▶ What needs to be done
Check the listing below line by line and report how many lines hold "Tool", with no other words.

▶ Recorded information
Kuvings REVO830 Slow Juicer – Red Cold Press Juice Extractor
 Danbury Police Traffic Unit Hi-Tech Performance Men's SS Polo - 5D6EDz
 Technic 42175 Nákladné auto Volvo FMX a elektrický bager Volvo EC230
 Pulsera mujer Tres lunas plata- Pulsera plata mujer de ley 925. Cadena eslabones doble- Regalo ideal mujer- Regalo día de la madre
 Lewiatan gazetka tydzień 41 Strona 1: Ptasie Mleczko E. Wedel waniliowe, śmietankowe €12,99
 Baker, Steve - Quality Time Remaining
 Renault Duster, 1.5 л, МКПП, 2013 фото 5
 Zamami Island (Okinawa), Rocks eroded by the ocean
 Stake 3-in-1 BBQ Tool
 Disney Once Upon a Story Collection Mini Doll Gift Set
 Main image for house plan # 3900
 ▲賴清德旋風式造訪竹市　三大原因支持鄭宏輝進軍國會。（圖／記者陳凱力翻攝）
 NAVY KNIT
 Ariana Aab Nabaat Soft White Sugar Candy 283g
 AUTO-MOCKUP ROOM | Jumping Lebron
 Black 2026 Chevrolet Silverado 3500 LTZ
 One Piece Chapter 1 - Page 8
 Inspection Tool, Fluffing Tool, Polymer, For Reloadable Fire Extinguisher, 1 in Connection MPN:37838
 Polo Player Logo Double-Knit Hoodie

▶ Exercise result
2